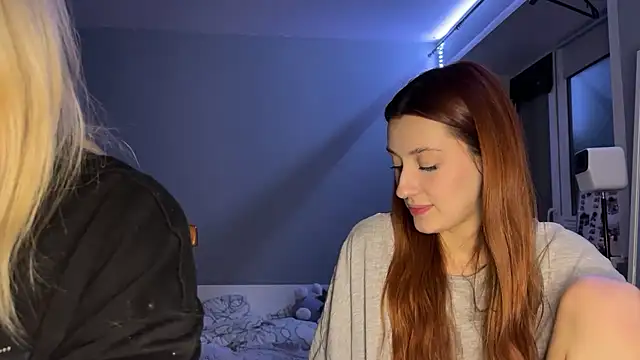 Uniarten online show from November 2025 08:23:02 PM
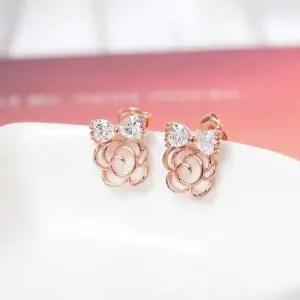 기본귀걸이 골드필드 핀 큐빅 리본 장미 로즈 일자침 귀걸이 14K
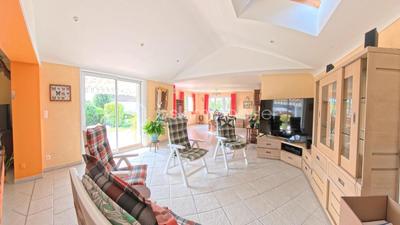 Maison - 250 m² - 10 pièces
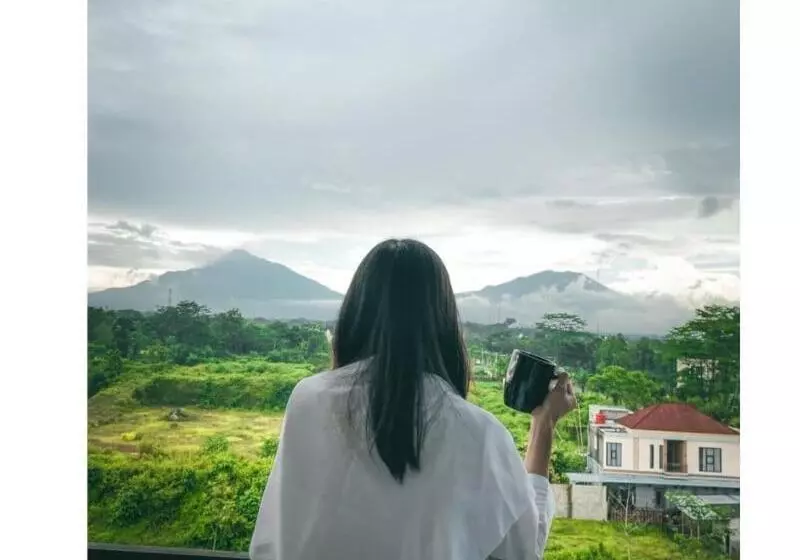 هتل Front One Budget Boyolali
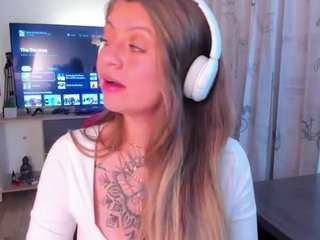 emmaa-hostt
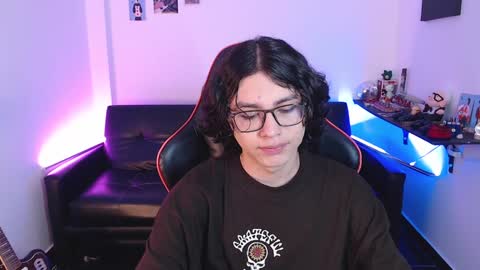 Malik  online show from January 1, 4:50 pm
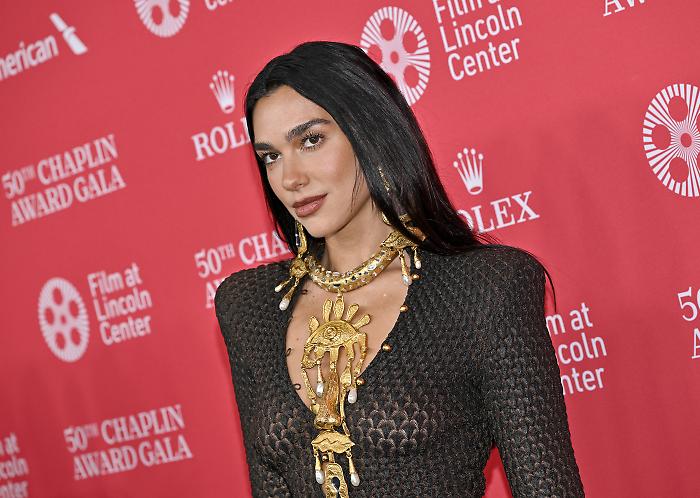 Dua Lipa compie 30 anni. Tutti i momenti iconici che l'hanno resa una star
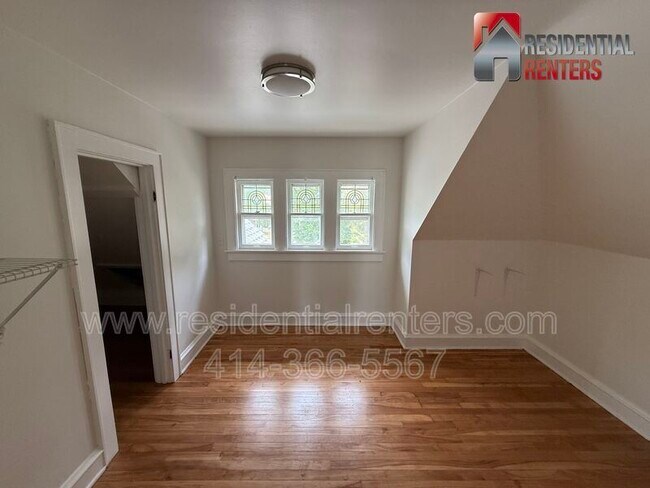 Building Photo - 3031 N 60th St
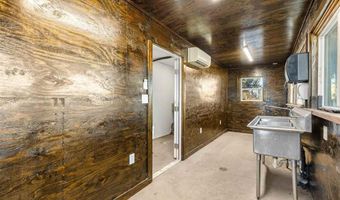 305 N SYCAMORE St, Archer City, TX 76351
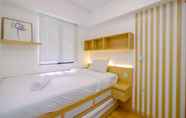 Bilik Tidur 2 Homey and Comfy 2BR at Meikarta Apartment By Travelio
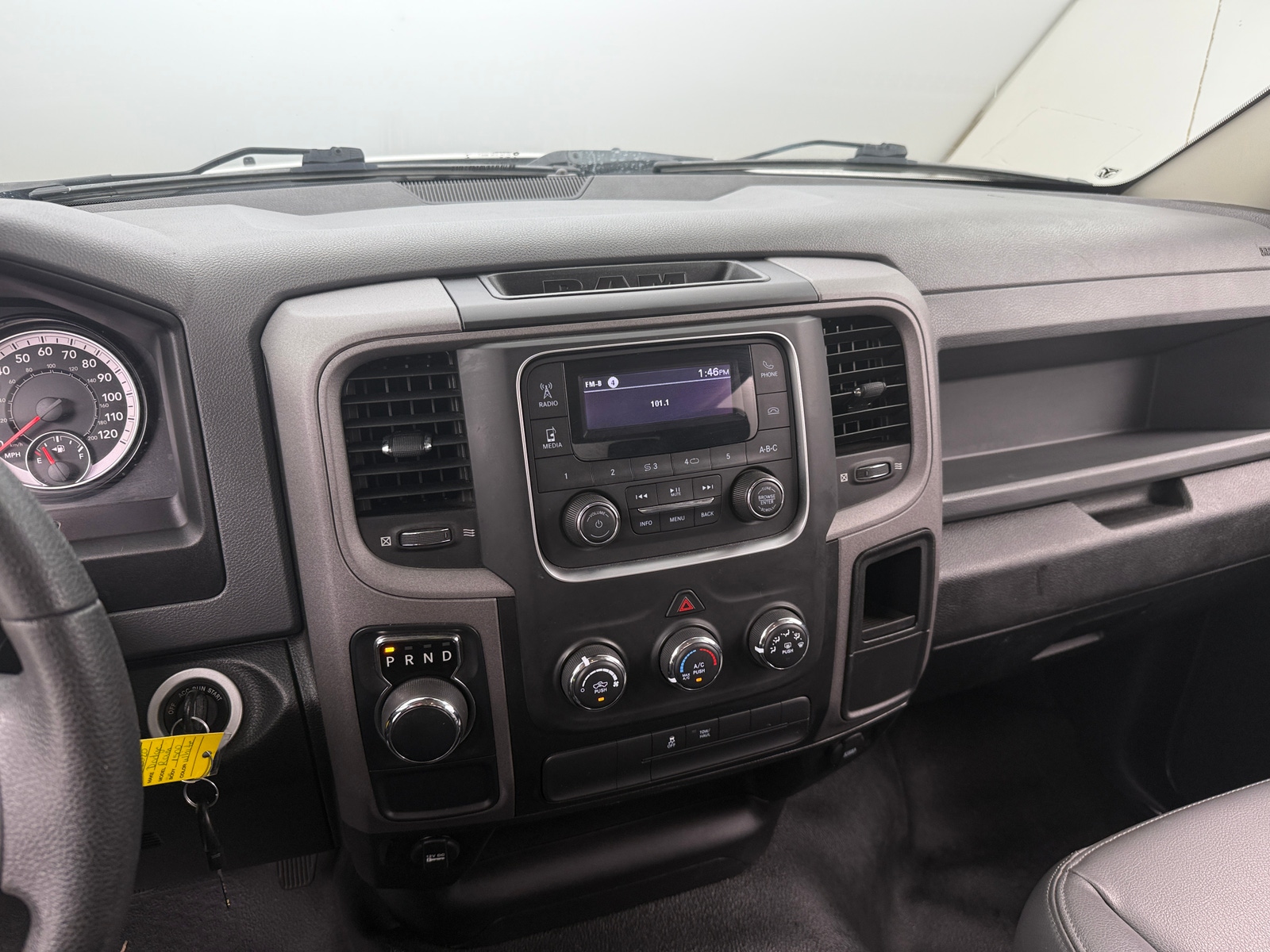 Thumbnail: 2020 RAM 1500 Classic - 4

▸ DESCRIPTION OF THE TASK
Using the listing above, copy every line from the line containing "기본귀걸이 골드필드 핀 큐빅 리본 장미 로즈 일자침 귀걸이 14K" through the last one, both included, and no other lines. Pictures stay out.

▸ RESPONSE BOX
 기본귀걸이 골드필드 핀 큐빅 리본 장미 로즈 일자침 귀걸이 14K
 Maison - 250 m² - 10 pièces
 هتل Front One Budget Boyolali
 emmaa-hostt
 Malik  online show from January 1, 4:50 pm
 Dua Lipa compie 30 anni. Tutti i momenti iconici che l'hanno resa una star
 Building Photo - 3031 N 60th St
 305 N SYCAMORE St, Archer City, TX 76351
 Bilik Tidur 2 Homey and Comfy 2BR at Meikarta Apartment By Travelio
 Thumbnail: 2020 RAM 1500 Classic - 4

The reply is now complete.